Despite the lack of any clear signal from stochastics on this symbol, the usual conditions for overbought as continuation are absent. To assert that a continuation or consolidation is favorable, traders would normally seek out a significant change in the positions of faster MAs relative to one another. Crucially, there has been no breakout of MACD as yet, with the indicator continuing to signal slowing upward momentum.
Given Mrs. May’s announcement on Friday and the performance of British shares last week, it would be quite foolish to ignore the fundamental picture and correlations. Political chaos, weak economic data, and strong pullbacks at the LSE can always affect the pound significantly in the short-term. Looking beyond the typical H4, though, the pound appears to be on track for a degree of recovery… or at least relative stability.
Here’s the contrasting outlook for GBP based on a more familiar way of looking at things.
Looking back on the previous Brexit news releases, chart analysis using indicators proved inconclusive and occasionally disappointing—which is why I’m not going to suggest technical analysis. Instead, I’m going to stick to what’s been consistent throughout the Brexit fiasco, and that is common sense.
Traders saw striking news and some of them probably expected big GBP moves, but instead, they saw the steady downward trend continue as if nothing had been accomplished—which is not far from the truth. The delays to Brexit also meant a delay on a concrete decision—and therefore a delay on any effect to the crashing UK currency. With that in mind, let’s look at the facts and interpret the obvious.

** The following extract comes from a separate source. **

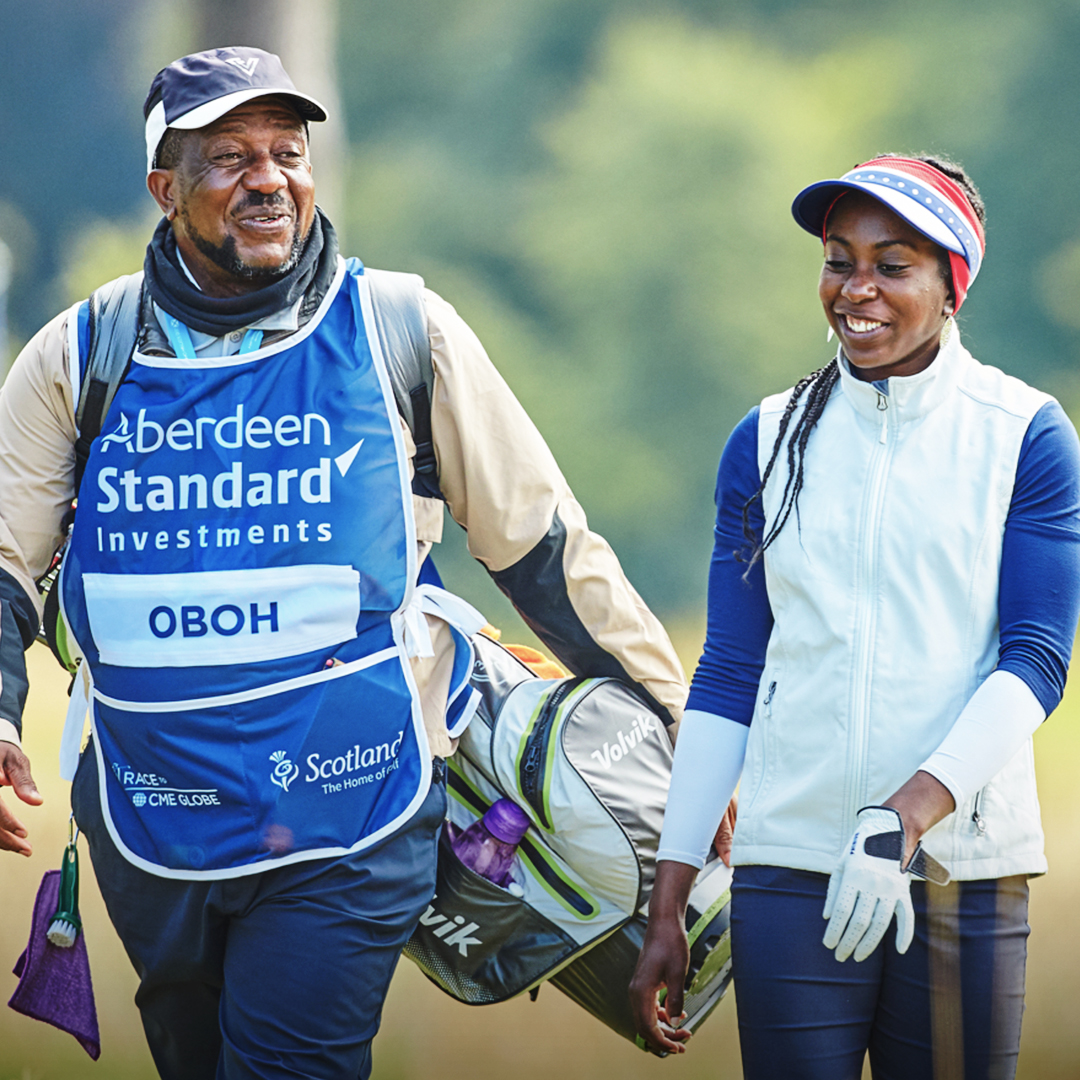 After a 2hr fog delay, the 17th #ASILSO finally got underway and it was an epic start

It’s great to be back and we’re set for a big few days!

Still plenty more action today though, it’s going to be a long one!

📸📸📸

#RuleTheLinks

So, Theresa May has stepped down as leader of the conservative party, and the position of Prime Minister is up for grabs. That’s clear news, but how much closer are we to knowing if Brexit will happen or not? Again, the big news is no news at all, and the absence of a clear plan to stay or leave the EU puts GBP traders in limbo. Traders would be wise to expect very little change to price moves. For now, the rise that began on May 23 is generating speculation for GBP buyers, and so far the European Parliament elections barely made a dent. Perhaps the fuel for that rise is nothing more than a little sensationalism, so don’t expect it to last long.
Moreover, the United Kingdom is now headless, and politicians—both for and against Brexit—are wrestling for the job with Trump-style speeches that have no real vision for the UK. The island nation is still very much in hot water, and nobody is offering economic solutions outside of the “stay or go” Brexit dilemma.

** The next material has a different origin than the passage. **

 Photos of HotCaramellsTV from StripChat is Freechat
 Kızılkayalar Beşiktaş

Expect GBP’s recent rise to lose momentum quickly as the parliamentary circus introduces the new candidates, and consider a Sell order for the long term. Keep an eye on your GBP order and regularly check the news for something about the withdrawal agreement that could actually give hope to GBP and the British economy. If nothing positive comes to light, then sit tight.
So there you have it. Two very different opinions on what the future will bring for GBP. Which one rang true for you? Make your own investigation and see for yourself why GBP traders are struggling. Whether you side with technical analysis or political influence, only trade if your own conclusions support your direction.